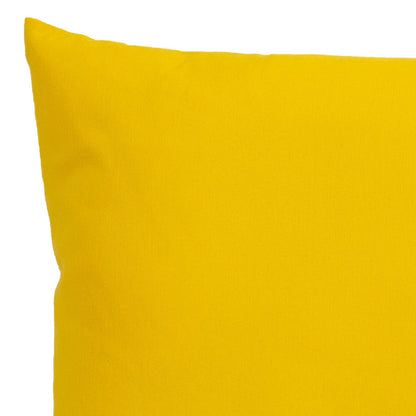 Pillow FIUME COLOR 45x45cm, yellow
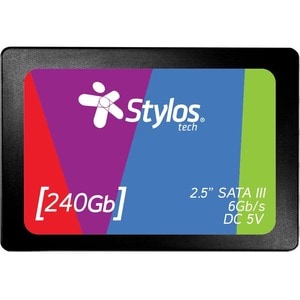 UNIDAD ESTADO SOLIDO STYLOS 240GB /SATA III / 6GB/S / 2.5 / 7MM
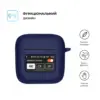 Чохол для навушників Armorstandart Hang Case для JBL Tour Pro 2 Dark Blue (ARM80445)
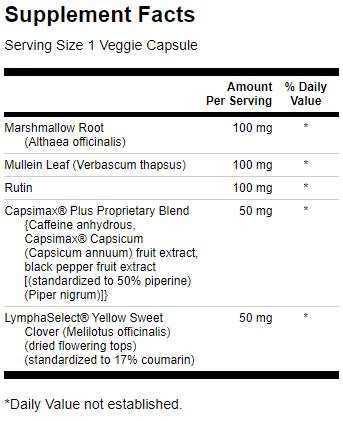 Essentiels lymphatiques 400 mg 30 capsules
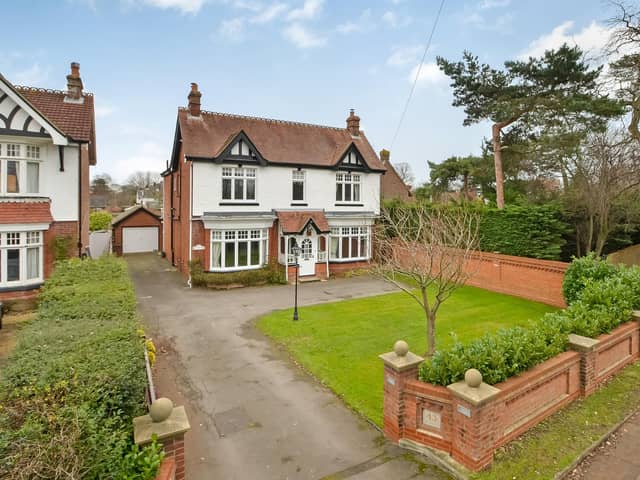 This four bedroom detached Edwardian Villa is on the market for £1,125,000 - Freehold. It is listed by Fine & Country.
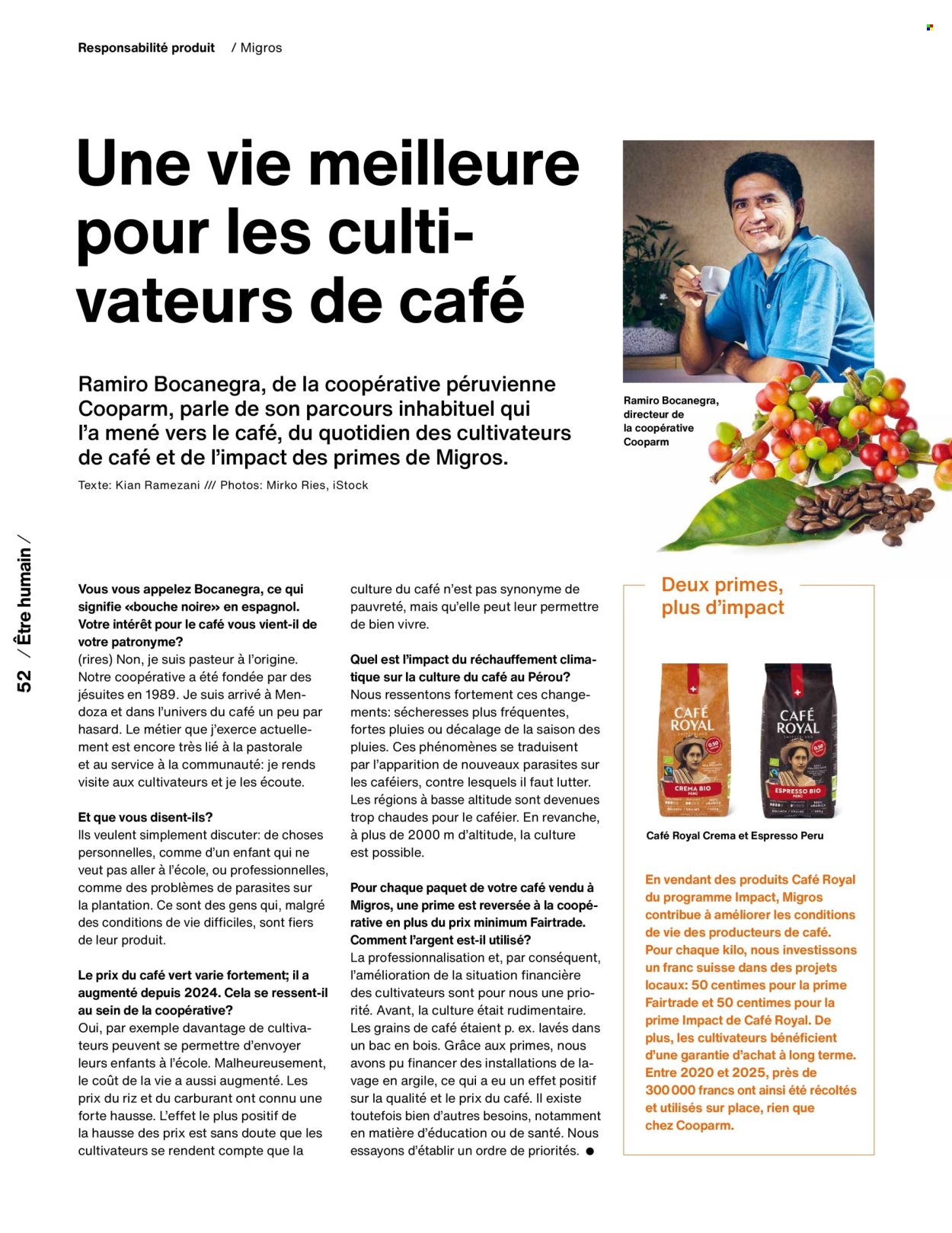Prospekt Migros. Seite 54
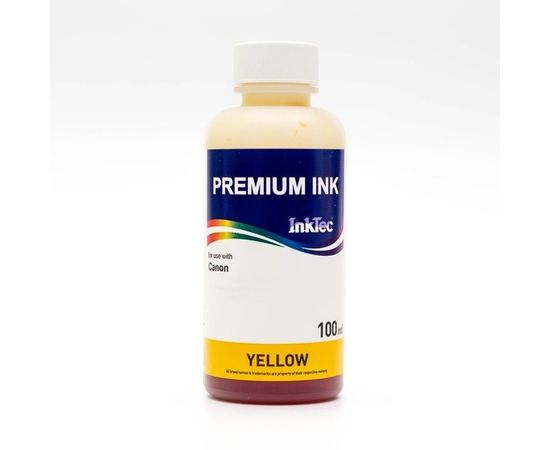 Чернила Canon GI-490/790/890/990Y (желтые) Yellow 100 мл (InkTec) (C0090-100MY)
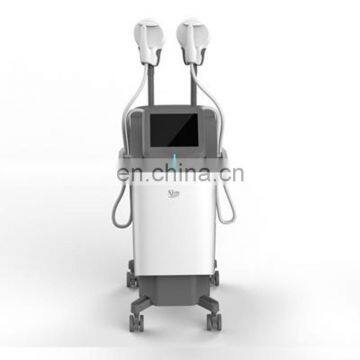 Newest Arrival Frequency Electromagnetic Body Muscle Stimulation Vibration Ems Body Sculpting Non Surgical Fat Reduction Machine photo-3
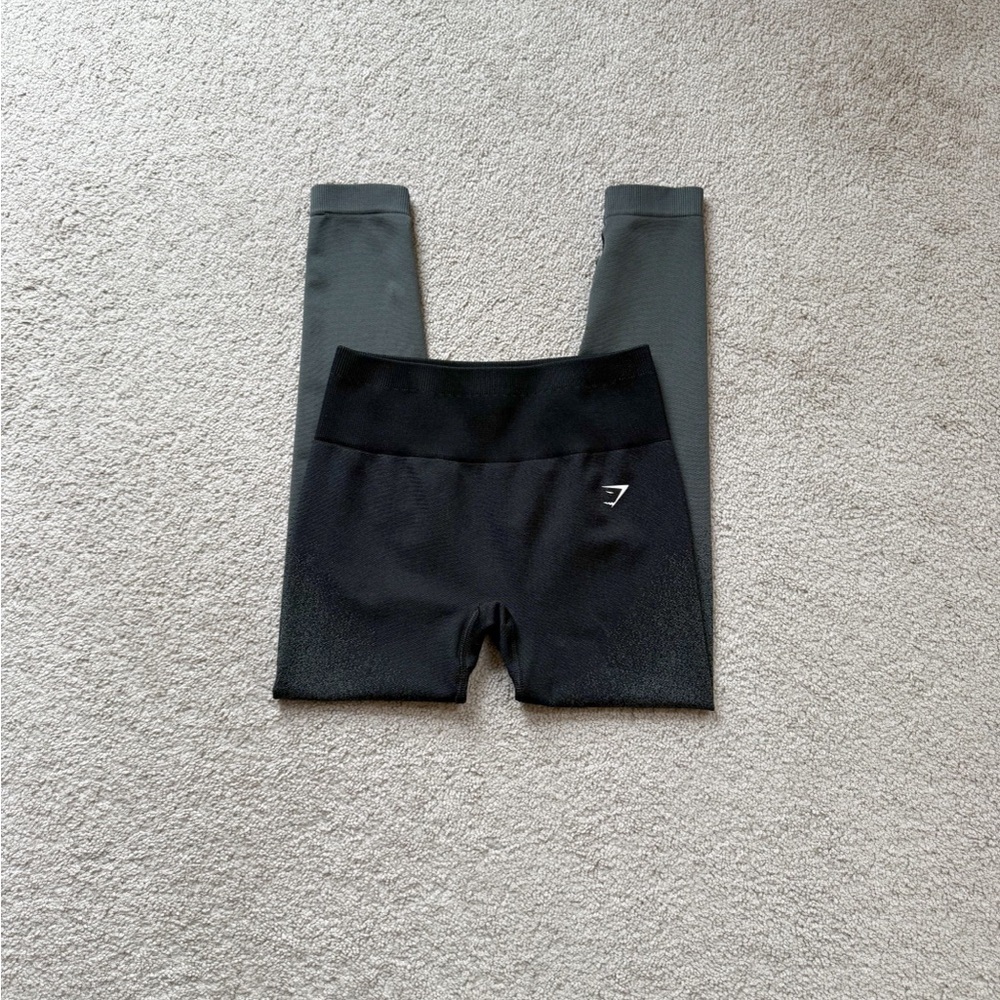 Gymshark adapt ombré seamless leggings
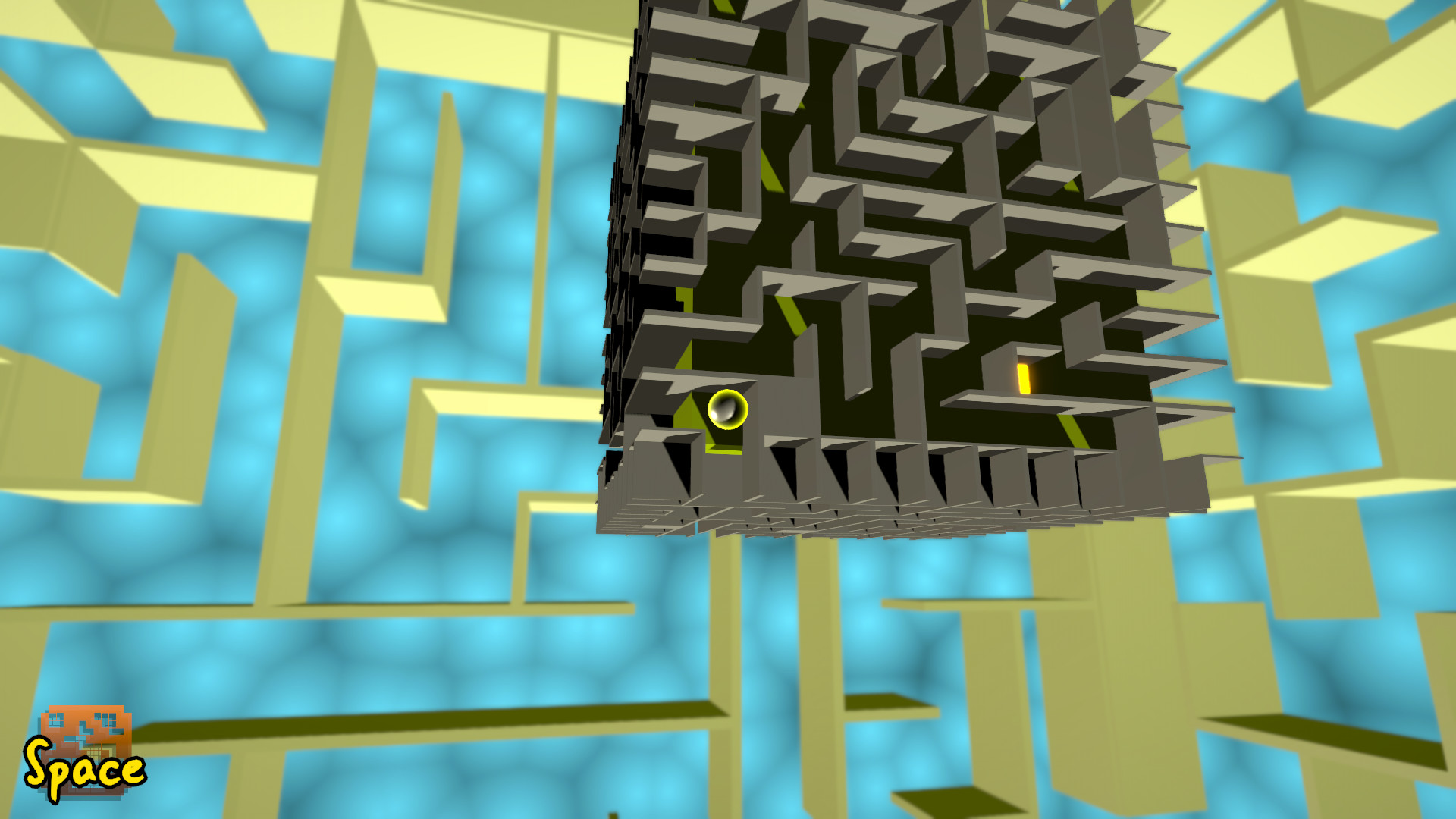 Cubyrinth screenshot 2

> _Try it_
Make an exact copy of all the material, but keep the pictures out of it.

> _Answer below_
 Pillow FIUME COLOR 45x45cm, yellow
 UNIDAD ESTADO SOLIDO STYLOS 240GB /SATA III / 6GB/S / 2.5 / 7MM
 Чохол для навушників Armorstandart Hang Case для JBL Tour Pro 2 Dark Blue (ARM80445)
 Essentiels lymphatiques 400 mg 30 capsules
 This four bedroom detached Edwardian Villa is on the market for £1,125,000 - Freehold. It is listed by Fine & Country.
Prospekt Migros. Seite 54
 Чернила Canon GI-490/790/890/990Y (желтые) Yellow 100 мл (InkTec) (C0090-100MY)
 Newest Arrival Frequency Electromagnetic Body Muscle Stimulation Vibration Ems Body Sculpting Non Surgical Fat Reduction Machine photo-3
 Gymshark adapt ombré seamless leggings
 Cubyrinth screenshot 2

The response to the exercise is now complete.